## What is needed
Output each line of the data word for word, from the first through the line that holds "Demonic man gold", and leave off whatever follows.

[[ Input records open ]]

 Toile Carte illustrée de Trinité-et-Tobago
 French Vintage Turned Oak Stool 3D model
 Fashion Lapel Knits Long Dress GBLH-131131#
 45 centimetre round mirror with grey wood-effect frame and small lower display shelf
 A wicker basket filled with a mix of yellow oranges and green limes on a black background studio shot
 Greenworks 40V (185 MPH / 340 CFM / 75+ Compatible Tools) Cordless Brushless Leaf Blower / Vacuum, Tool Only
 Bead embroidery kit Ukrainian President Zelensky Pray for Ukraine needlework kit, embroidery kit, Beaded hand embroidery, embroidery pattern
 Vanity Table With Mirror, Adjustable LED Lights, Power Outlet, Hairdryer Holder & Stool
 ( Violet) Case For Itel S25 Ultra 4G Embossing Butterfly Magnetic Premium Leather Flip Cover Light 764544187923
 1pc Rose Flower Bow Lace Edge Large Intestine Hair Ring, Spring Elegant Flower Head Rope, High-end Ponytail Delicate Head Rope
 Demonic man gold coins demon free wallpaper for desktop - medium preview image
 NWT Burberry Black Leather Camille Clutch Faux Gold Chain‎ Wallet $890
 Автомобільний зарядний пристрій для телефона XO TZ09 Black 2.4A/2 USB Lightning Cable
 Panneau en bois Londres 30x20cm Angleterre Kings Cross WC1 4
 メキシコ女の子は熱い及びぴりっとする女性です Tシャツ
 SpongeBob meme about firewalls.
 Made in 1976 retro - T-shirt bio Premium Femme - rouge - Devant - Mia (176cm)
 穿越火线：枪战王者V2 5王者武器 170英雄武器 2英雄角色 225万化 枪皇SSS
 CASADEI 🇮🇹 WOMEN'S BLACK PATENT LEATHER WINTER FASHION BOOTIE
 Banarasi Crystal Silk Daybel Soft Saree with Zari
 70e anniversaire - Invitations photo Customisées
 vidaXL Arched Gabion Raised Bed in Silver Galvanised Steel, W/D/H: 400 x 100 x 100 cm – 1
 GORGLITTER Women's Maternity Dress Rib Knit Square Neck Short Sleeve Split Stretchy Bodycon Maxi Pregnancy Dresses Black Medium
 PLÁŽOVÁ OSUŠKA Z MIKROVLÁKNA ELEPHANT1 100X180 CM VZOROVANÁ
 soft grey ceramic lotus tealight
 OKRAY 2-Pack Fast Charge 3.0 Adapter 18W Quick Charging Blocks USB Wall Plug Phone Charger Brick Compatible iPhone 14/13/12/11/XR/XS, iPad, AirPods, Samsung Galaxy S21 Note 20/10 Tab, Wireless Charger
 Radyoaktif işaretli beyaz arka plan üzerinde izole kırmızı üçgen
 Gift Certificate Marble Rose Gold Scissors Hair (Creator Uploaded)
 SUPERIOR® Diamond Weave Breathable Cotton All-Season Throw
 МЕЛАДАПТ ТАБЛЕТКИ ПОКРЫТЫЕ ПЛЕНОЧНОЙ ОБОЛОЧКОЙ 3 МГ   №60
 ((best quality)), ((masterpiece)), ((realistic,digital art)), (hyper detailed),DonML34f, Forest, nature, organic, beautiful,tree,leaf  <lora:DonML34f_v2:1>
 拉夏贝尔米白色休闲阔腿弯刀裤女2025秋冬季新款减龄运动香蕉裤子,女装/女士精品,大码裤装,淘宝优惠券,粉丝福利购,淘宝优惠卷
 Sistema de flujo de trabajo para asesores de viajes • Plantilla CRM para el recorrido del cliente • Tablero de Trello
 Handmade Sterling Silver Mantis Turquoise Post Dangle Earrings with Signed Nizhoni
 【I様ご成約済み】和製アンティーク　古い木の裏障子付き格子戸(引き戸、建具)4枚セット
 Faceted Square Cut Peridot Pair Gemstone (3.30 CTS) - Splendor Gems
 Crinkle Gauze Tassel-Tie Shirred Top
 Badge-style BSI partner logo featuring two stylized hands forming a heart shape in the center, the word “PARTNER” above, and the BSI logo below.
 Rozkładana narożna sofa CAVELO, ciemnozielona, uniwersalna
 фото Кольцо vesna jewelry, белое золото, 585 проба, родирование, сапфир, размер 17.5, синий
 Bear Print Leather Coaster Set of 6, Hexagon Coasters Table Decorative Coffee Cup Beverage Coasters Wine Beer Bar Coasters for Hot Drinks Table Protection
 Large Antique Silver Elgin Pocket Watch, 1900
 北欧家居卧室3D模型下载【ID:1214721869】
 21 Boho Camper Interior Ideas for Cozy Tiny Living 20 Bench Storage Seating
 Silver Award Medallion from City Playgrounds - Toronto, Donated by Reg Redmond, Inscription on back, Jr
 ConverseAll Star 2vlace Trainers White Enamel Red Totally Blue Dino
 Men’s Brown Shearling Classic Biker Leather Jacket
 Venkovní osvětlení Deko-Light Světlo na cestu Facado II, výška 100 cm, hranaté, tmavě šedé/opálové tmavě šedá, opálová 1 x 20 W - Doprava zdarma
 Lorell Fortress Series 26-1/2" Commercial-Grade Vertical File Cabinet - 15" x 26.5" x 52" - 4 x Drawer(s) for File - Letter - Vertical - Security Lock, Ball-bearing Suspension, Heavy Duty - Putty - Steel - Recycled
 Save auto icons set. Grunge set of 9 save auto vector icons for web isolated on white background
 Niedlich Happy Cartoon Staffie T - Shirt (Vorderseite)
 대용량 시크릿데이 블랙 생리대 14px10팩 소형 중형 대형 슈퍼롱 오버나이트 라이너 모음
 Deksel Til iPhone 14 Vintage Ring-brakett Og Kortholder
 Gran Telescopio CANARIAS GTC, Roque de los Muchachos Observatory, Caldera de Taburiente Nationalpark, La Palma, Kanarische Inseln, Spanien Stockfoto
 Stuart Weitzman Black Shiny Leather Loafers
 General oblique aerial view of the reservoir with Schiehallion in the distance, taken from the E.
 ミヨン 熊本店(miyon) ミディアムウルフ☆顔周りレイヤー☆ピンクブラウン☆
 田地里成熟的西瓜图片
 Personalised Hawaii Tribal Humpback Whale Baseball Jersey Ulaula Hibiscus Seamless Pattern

[[ Input records closed ]]

## Result below
 Toile Carte illustrée de Trinité-et-Tobago
 French Vintage Turned Oak Stool 3D model
 Fashion Lapel Knits Long Dress GBLH-131131#
 45 centimetre round mirror with grey wood-effect frame and small lower display shelf
 A wicker basket filled with a mix of yellow oranges and green limes on a black background studio shot
 Greenworks 40V (185 MPH / 340 CFM / 75+ Compatible Tools) Cordless Brushless Leaf Blower / Vacuum, Tool Only
 Bead embroidery kit Ukrainian President Zelensky Pray for Ukraine needlework kit, embroidery kit, Beaded hand embroidery, embroidery pattern
 Vanity Table With Mirror, Adjustable LED Lights, Power Outlet, Hairdryer Holder & Stool
 ( Violet) Case For Itel S25 Ultra 4G Embossing Butterfly Magnetic Premium Leather Flip Cover Light 764544187923
 1pc Rose Flower Bow Lace Edge Large Intestine Hair Ring, Spring Elegant Flower Head Rope, High-end Ponytail Delicate Head Rope
 Demonic man gold coins demon free wallpaper for desktop - medium preview image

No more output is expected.